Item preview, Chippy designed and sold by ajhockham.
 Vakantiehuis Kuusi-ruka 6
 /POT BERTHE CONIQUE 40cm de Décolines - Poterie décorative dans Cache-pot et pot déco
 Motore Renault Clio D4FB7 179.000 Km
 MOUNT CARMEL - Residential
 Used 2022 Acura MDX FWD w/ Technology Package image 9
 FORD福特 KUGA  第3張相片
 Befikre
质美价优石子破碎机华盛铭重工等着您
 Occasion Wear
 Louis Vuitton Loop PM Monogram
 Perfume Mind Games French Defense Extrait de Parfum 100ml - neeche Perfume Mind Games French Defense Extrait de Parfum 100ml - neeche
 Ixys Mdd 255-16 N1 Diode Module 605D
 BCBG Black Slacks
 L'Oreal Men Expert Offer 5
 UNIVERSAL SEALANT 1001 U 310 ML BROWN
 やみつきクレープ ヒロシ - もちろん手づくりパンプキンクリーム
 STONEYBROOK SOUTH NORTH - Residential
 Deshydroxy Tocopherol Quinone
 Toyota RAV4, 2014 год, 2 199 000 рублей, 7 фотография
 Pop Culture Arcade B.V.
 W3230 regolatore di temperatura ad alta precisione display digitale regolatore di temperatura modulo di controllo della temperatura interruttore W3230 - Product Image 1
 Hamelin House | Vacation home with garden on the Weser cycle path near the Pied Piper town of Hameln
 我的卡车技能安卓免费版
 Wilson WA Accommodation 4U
********
Return only the part of the records above that opens with the line containing "Used 2022 Acura" and closes with the line containing "BCBG Black Slacks", ends included.

 Used 2022 Acura MDX FWD w/ Technology Package image 9
 FORD福特 KUGA  第3張相片
 Befikre
质美价优石子破碎机华盛铭重工等着您
 Occasion Wear
 Louis Vuitton Loop PM Monogram
 Perfume Mind Games French Defense Extrait de Parfum 100ml - neeche Perfume Mind Games French Defense Extrait de Parfum 100ml - neeche
 Ixys Mdd 255-16 N1 Diode Module 605D
 BCBG Black Slacks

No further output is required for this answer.